### REQUIRED WORK:
Please reproduce the final stretch of the listing below: the line that contains "Hawaii Scuba divng 43" and all lines after it, verbatim, with nothing else.

INPUT RECORDS Start Marker

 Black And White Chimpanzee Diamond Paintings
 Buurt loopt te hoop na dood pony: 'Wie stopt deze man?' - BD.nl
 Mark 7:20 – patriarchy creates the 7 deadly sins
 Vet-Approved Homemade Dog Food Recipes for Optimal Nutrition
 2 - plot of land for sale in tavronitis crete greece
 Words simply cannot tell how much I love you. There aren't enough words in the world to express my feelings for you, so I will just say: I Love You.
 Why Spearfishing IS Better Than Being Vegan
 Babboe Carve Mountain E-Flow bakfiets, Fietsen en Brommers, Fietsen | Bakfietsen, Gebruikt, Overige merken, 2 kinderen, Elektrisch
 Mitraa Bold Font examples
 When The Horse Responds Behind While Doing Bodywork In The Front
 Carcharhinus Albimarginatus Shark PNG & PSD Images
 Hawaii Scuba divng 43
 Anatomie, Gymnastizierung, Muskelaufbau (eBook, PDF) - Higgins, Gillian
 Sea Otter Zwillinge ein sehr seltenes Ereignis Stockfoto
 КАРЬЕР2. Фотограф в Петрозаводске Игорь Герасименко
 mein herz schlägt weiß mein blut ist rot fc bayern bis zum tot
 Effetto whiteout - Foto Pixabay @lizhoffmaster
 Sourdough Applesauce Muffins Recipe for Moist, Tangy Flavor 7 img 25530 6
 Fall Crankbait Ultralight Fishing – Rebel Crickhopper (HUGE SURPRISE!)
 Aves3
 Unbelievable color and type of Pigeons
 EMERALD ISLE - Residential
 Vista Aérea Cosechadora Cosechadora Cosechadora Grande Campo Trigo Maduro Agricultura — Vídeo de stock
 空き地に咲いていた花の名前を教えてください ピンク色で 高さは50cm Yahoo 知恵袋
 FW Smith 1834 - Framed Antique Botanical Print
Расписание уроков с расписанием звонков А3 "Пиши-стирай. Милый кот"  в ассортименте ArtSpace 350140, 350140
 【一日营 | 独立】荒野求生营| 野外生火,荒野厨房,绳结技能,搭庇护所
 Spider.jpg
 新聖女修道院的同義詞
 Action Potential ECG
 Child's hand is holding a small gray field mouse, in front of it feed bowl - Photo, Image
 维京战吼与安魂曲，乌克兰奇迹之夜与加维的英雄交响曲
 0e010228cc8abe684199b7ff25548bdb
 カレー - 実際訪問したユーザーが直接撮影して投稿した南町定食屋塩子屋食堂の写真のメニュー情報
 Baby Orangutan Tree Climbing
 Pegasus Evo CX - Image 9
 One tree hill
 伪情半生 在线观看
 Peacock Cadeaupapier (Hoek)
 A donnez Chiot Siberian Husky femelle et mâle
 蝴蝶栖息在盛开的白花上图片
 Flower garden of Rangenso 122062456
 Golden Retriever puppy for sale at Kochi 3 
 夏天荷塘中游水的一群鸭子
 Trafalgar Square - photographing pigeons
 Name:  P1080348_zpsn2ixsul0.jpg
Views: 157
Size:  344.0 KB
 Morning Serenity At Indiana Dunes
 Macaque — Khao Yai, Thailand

INPUT RECORDS End Marker

### TASK RESPONSE:
 Hawaii Scuba divng 43
 Anatomie, Gymnastizierung, Muskelaufbau (eBook, PDF) - Higgins, Gillian
 Sea Otter Zwillinge ein sehr seltenes Ereignis Stockfoto
 КАРЬЕР2. Фотограф в Петрозаводске Игорь Герасименко
 mein herz schlägt weiß mein blut ist rot fc bayern bis zum tot
 Effetto whiteout - Foto Pixabay @lizhoffmaster
 Sourdough Applesauce Muffins Recipe for Moist, Tangy Flavor 7 img 25530 6
 Fall Crankbait Ultralight Fishing – Rebel Crickhopper (HUGE SURPRISE!)
 Aves3
 Unbelievable color and type of Pigeons
 EMERALD ISLE - Residential
 Vista Aérea Cosechadora Cosechadora Cosechadora Grande Campo Trigo Maduro Agricultura — Vídeo de stock
 空き地に咲いていた花の名前を教えてください ピンク色で 高さは50cm Yahoo 知恵袋
 FW Smith 1834 - Framed Antique Botanical Print
Расписание уроков с расписанием звонков А3 "Пиши-стирай. Милый кот"  в ассортименте ArtSpace 350140, 350140
 【一日营 | 独立】荒野求生营| 野外生火,荒野厨房,绳结技能,搭庇护所
 Spider.jpg
 新聖女修道院的同義詞
 Action Potential ECG
 Child's hand is holding a small gray field mouse, in front of it feed bowl - Photo, Image
 维京战吼与安魂曲，乌克兰奇迹之夜与加维的英雄交响曲
 0e010228cc8abe684199b7ff25548bdb
 カレー - 実際訪問したユーザーが直接撮影して投稿した南町定食屋塩子屋食堂の写真のメニュー情報
 Baby Orangutan Tree Climbing
 Pegasus Evo CX - Image 9
 One tree hill
 伪情半生 在线观看
 Peacock Cadeaupapier (Hoek)
 A donnez Chiot Siberian Husky femelle et mâle
 蝴蝶栖息在盛开的白花上图片
 Flower garden of Rangenso 122062456
 Golden Retriever puppy for sale at Kochi 3 
 夏天荷塘中游水的一群鸭子
 Trafalgar Square - photographing pigeons
 Name:  P1080348_zpsn2ixsul0.jpg
Views: 157
Size:  344.0 KB
 Morning Serenity At Indiana Dunes
 Macaque — Khao Yai, Thailand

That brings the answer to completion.